For unimportant decisions – such as growing a beard or signing up for a fun run – the choice didn’t matter much. But making a more significant life change – such as moving house or starting a business – led to a two-point increase in the happiness scale. A common question was whether to end a romantic relationship. Among these people, breaking up led to nearly a three-point increase in happiness. Quitting a job led to a massive five-point increase: the equivalent of shifting from glum to gleeful. ‘Winners never quit, and quitters never win’ is bad life advice. In the happiness stakes, quitters win.
Levitt’s website refused to help people make decisions containing words like ‘murder’, ‘steal’ and ‘suicide’.5 But it did shape some major life decisions. The toss of the coin led to about a hundred additional romantic relationships breaking up, but also to about a hundred couples staying together who might otherwise have split.6 It would have been immoral to force people to quit their jobs or divorce their spouses, but tossing a coin for someone who is on the fence is something that many people would do for a friend.
If you ask critics why they don’t like randomised trials, one of the most common responses is that control groups are unethical. Already, we’ve touched on some real-life examples of this. Ethics panels have approved sham surgery on the basis that the clinical effectiveness of many surgical procedures is uncertain. Randomised trials now suggest that popular procedures like knee surgery for torn cartilage may be ineffective. Likewise, randomised trials to reduce crime have seen the treatment group do better in the Restorative Justice and Drug Court experiments, while the control group did better in the Scared Straight and Neighbourhood Watch experiments. In development economics, the success of village schools in Afghanistan surprised many of the country’s education experts. If we knew for sure that it was better to be in the treatment group, then we wouldn’t be doing the trial in the first place.
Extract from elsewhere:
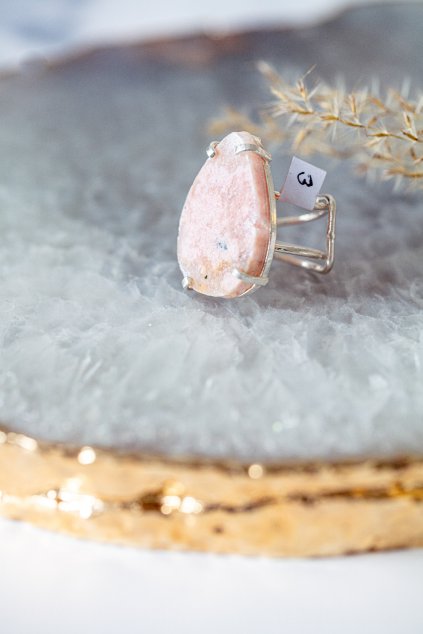 Prsten s leštěným růžovým ametystem - postříbřený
Most medical trials operate on the principle of informed consent: patients must agree to participate in the research. But not every study works this way. From 2005
to 2011, researchers in Sydney conducted a trial in which not a single patient consented – because all of them were either unconscious or suffering from severe head trauma. One in three would be dead within a month.
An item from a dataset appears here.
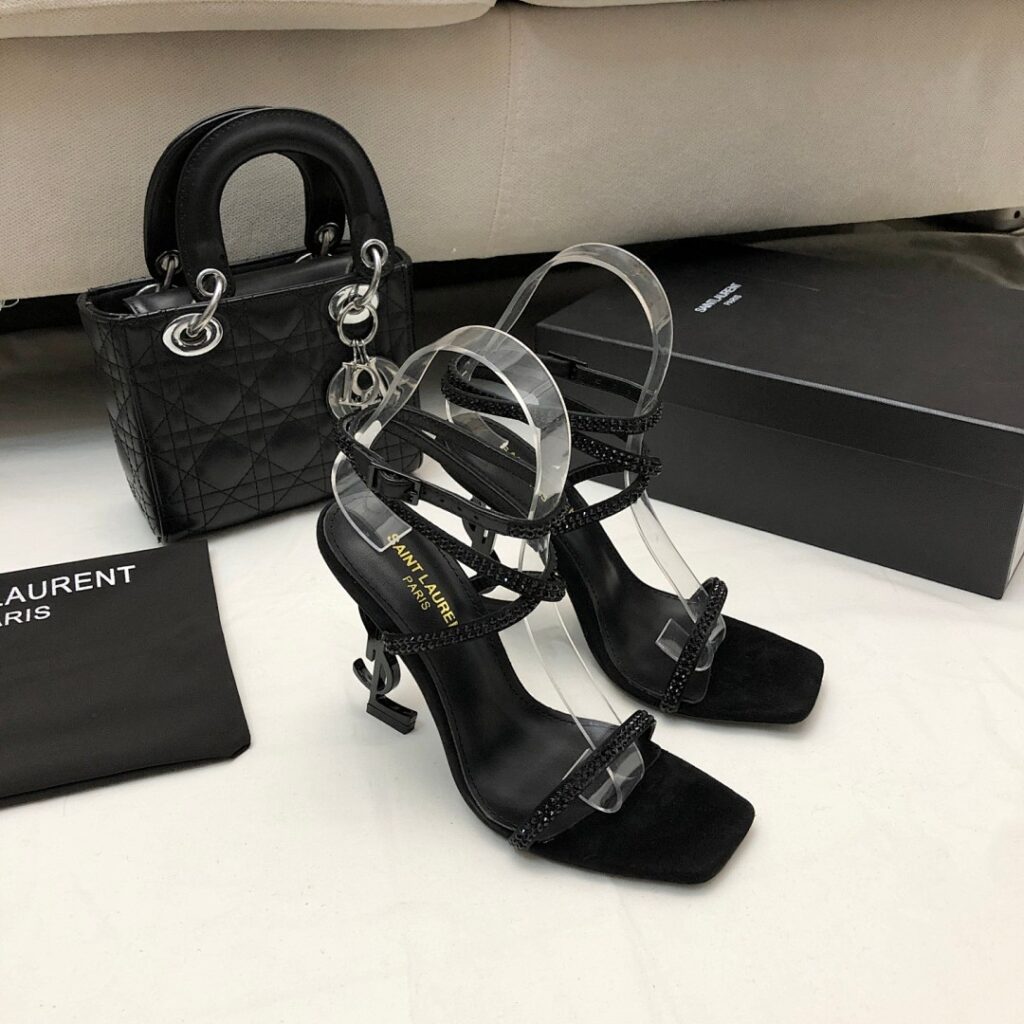 Saint Laurent Shoe Style 3001112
The Head Injury Retrieval Trial was the brainchild of neurosurgeon Alan Garner. He wanted to test whether patients were more likely to recover from a major head injury if they were treated by a trauma physician rather than a paramedic. Because the physician has to be transported to the scene by helicopter, the study aimed to test whether society could justify the extra expense of sending out a physician. If the outcomes from those treated by physicians weren’t better, the extra money would be better spent in other parts of the health-care system.
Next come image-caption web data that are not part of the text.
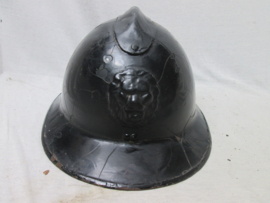 Belgium police helmet M-1933. with lion head, and innerliner. Belgische staalhelm model 1933 zwart, politie troepen, gedragen in de jaren 40- 50 door de Rijkswacht.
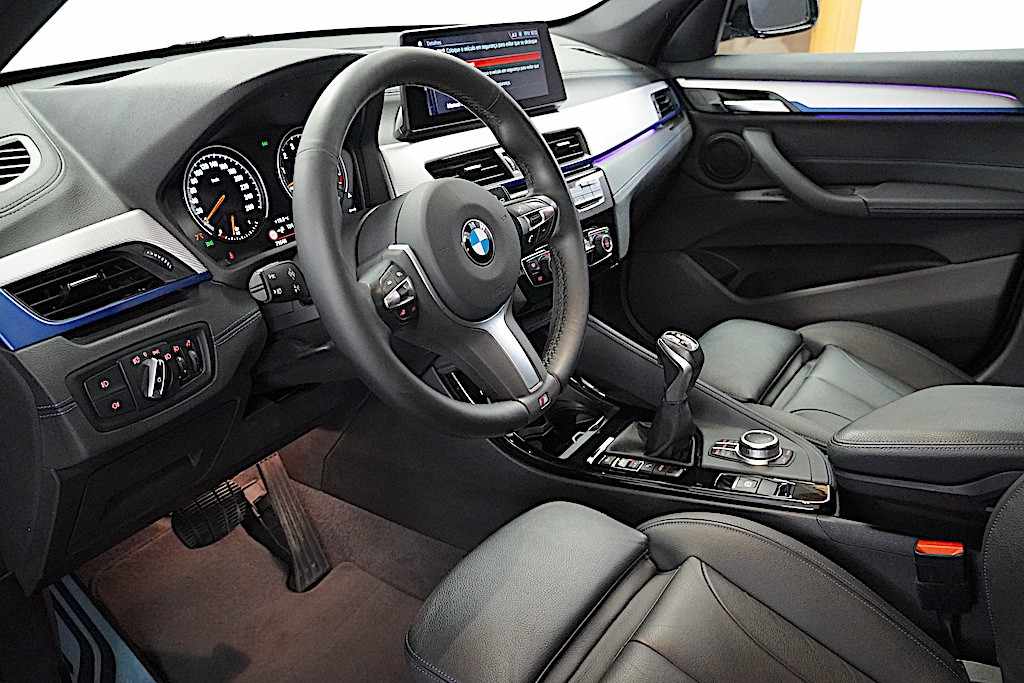 bmw-x1-2020-hibrido-a-gasolina-1499cc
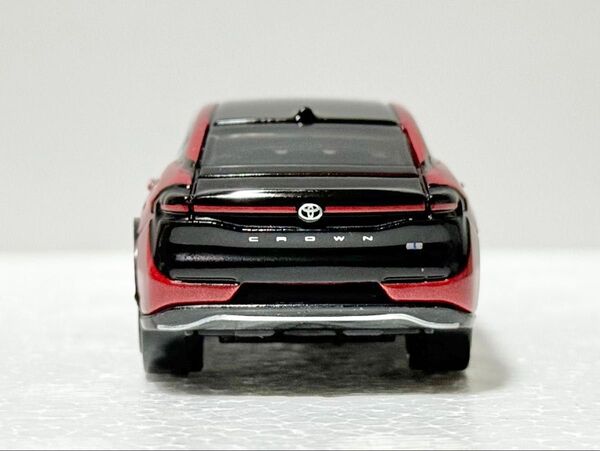 【トミカ】トヨタ・300系クラウン クロスオーバー crown TOYOTA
Garner’s study worked with the emergency call system in Sydney. When operators received a call reporting a serious head injury, a computer performed the electronic equivalent of tossing a coin. Heads, the patient got an ambulance and a paramedic; tails, they got a helicopter and a trauma physician.
In 2008, halfway through the trial, I interviewed Garner, who told me that although he had spent much of his career thinking about the issue, he didn’t know what to expect from the results.7 ‘We think this will work,’ Garner told me, ‘but so far, we’ve only got data from cohort studies.’ He admitted that, ‘like any medical intervention, there is even a possibility that sending a doctor will make things worse. I don’t think that’s the case, but [until the trial ends] I don’t have good evidence either way.’